BRIEF:
Lines of the listing that contain "image" need to be copied.

:: DATA EXCERPTS ::

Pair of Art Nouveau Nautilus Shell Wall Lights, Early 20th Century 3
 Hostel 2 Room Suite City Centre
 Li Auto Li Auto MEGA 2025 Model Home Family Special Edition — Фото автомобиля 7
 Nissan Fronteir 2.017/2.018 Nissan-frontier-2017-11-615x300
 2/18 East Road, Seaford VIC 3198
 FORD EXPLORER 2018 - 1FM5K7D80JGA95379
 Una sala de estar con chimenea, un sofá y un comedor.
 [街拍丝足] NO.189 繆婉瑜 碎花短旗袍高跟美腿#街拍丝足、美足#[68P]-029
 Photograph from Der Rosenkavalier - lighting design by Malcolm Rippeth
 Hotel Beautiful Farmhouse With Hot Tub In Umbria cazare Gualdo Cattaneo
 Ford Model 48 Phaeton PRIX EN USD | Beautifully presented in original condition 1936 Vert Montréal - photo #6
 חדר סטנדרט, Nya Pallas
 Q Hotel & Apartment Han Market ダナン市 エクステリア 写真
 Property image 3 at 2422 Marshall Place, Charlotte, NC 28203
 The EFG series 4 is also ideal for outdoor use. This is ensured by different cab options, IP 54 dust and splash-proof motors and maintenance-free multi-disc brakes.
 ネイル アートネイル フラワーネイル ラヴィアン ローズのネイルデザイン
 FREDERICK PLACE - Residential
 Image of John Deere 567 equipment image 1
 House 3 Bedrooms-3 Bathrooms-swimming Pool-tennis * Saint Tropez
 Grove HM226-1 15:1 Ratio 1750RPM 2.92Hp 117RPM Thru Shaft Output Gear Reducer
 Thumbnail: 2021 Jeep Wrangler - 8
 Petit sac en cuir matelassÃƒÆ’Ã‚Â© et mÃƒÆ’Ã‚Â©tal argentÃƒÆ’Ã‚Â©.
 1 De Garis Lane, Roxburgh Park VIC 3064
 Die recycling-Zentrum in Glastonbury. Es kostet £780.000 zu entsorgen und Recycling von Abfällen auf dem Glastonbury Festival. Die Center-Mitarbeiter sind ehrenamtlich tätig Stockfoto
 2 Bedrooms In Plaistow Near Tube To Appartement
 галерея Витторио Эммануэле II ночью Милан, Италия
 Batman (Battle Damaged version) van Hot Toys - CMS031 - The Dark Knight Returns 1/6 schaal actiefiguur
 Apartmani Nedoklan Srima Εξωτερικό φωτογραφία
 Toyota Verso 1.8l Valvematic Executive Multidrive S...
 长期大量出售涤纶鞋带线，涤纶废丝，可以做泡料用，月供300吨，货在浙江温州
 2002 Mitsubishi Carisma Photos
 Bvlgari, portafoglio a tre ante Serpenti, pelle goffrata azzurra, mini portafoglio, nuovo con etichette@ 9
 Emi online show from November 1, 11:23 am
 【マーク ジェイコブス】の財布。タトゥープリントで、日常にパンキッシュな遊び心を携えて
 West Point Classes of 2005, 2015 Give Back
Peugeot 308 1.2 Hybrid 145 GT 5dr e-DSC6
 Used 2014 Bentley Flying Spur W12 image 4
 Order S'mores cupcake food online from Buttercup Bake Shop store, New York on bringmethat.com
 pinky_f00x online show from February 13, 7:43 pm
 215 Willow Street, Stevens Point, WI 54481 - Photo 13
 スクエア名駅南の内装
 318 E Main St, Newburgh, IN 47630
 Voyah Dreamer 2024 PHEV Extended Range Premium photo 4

:::

TASK OUTPUT:
 Property image 3 at 2422 Marshall Place, Charlotte, NC 28203
 Image of John Deere 567 equipment image 1
 Used 2014 Bentley Flying Spur W12 image 4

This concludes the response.